For the entries below, repeat exactly each line starting with the one that contains "HEIMISH all about" and going on through the one that contains "Save The Duck", and no others.

(Beginning of SUPPLIED MATERIAL)

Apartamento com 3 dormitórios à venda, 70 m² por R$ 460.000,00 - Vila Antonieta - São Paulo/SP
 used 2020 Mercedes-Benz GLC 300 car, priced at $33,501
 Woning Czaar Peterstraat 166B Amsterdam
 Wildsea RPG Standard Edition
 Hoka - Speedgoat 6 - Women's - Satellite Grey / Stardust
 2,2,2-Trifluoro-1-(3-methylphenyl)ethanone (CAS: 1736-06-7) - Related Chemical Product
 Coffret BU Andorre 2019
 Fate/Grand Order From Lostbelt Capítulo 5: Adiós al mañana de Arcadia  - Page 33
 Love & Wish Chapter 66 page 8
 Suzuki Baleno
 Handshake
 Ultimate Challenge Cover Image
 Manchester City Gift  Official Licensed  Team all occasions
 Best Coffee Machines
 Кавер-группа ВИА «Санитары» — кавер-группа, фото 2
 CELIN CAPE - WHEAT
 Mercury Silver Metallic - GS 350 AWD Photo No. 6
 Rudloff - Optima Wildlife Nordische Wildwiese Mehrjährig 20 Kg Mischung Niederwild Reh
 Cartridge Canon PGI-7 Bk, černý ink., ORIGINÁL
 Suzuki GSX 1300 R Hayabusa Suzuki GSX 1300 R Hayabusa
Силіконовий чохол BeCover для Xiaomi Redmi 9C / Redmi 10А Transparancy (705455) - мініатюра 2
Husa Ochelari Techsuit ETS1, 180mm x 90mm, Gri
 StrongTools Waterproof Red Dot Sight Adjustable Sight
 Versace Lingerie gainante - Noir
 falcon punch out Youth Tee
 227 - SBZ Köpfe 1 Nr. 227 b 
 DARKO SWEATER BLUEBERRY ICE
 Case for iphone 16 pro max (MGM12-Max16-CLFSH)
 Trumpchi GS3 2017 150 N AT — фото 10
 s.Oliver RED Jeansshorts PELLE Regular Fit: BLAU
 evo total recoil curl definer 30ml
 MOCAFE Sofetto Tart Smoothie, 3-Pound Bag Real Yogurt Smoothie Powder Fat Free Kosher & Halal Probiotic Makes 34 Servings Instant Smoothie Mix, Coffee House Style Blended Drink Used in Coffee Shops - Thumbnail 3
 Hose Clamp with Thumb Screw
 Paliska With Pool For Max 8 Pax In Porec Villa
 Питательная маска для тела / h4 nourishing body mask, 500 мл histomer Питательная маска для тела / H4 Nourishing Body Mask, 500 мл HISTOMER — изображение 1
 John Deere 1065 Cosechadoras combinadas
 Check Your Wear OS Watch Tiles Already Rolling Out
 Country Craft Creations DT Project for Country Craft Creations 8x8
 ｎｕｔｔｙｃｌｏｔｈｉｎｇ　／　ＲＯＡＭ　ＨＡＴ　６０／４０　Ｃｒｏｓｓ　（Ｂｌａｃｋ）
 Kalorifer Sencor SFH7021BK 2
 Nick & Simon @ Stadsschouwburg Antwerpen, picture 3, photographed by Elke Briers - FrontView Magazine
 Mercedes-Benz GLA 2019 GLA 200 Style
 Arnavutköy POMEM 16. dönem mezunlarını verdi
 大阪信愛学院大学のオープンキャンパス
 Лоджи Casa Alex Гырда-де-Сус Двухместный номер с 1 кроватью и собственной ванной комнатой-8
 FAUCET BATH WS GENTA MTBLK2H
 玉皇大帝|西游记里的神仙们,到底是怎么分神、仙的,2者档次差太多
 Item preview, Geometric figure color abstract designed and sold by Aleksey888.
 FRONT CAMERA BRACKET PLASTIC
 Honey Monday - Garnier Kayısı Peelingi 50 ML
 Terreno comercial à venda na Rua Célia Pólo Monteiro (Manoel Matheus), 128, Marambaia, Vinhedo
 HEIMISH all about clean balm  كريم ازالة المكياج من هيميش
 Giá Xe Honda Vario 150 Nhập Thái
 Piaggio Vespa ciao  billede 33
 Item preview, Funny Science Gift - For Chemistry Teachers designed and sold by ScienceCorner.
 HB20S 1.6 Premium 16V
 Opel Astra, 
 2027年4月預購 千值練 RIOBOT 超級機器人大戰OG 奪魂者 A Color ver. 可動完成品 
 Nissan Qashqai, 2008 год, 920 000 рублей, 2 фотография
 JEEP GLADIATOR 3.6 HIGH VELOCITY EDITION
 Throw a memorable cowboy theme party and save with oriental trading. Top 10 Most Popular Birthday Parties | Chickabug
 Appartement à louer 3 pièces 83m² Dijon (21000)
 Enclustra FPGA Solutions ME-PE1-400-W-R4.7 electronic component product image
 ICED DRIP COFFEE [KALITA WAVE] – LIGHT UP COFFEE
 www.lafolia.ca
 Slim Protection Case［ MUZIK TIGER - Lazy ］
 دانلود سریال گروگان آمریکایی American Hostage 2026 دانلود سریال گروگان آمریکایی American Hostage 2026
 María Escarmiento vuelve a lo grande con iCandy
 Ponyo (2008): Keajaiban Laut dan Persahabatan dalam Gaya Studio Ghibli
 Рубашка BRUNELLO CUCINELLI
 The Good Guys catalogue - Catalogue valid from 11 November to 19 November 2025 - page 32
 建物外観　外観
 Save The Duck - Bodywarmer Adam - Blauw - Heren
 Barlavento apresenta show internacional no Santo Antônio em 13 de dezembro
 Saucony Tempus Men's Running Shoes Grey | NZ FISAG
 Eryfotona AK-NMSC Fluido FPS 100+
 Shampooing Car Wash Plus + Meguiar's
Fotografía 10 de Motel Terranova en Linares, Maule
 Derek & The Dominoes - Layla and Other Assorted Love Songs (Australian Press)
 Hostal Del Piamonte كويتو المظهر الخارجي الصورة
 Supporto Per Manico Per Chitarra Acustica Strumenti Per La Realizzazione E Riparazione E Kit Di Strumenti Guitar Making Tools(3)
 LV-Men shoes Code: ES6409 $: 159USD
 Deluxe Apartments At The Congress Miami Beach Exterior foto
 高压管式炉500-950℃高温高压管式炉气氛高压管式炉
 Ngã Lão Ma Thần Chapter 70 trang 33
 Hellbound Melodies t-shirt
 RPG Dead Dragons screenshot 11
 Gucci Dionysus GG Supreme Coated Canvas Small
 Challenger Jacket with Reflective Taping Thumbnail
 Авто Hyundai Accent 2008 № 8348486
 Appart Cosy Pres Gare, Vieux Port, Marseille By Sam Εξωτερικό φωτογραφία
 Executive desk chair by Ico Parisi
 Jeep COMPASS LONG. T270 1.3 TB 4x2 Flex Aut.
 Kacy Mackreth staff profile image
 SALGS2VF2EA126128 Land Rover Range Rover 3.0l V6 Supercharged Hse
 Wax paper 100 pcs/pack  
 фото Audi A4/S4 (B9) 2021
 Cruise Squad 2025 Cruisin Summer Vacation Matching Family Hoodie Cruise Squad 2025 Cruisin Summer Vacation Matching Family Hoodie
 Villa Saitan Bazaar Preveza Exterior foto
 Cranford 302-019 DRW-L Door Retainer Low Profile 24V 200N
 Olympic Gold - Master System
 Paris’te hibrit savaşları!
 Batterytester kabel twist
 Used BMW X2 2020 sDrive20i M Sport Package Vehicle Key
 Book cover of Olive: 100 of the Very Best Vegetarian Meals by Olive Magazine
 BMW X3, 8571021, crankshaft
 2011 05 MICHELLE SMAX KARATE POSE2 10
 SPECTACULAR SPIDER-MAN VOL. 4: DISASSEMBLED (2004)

(End of SUPPLIED MATERIAL)

**TASK SOLUTION**
 HEIMISH all about clean balm  كريم ازالة المكياج من هيميش
 Giá Xe Honda Vario 150 Nhập Thái
 Piaggio Vespa ciao  billede 33
 Item preview, Funny Science Gift - For Chemistry Teachers designed and sold by ScienceCorner.
 HB20S 1.6 Premium 16V
 Opel Astra, 
 2027年4月預購 千值練 RIOBOT 超級機器人大戰OG 奪魂者 A Color ver. 可動完成品 
 Nissan Qashqai, 2008 год, 920 000 рублей, 2 фотография
 JEEP GLADIATOR 3.6 HIGH VELOCITY EDITION
 Throw a memorable cowboy theme party and save with oriental trading. Top 10 Most Popular Birthday Parties | Chickabug
 Appartement à louer 3 pièces 83m² Dijon (21000)
 Enclustra FPGA Solutions ME-PE1-400-W-R4.7 electronic component product image
 ICED DRIP COFFEE [KALITA WAVE] – LIGHT UP COFFEE
 www.lafolia.ca
 Slim Protection Case［ MUZIK TIGER - Lazy ］
 دانلود سریال گروگان آمریکایی American Hostage 2026 دانلود سریال گروگان آمریکایی American Hostage 2026
 María Escarmiento vuelve a lo grande con iCandy
 Ponyo (2008): Keajaiban Laut dan Persahabatan dalam Gaya Studio Ghibli
 Рубашка BRUNELLO CUCINELLI
 The Good Guys catalogue - Catalogue valid from 11 November to 19 November 2025 - page 32
 建物外観　外観
 Save The Duck - Bodywarmer Adam - Blauw - Heren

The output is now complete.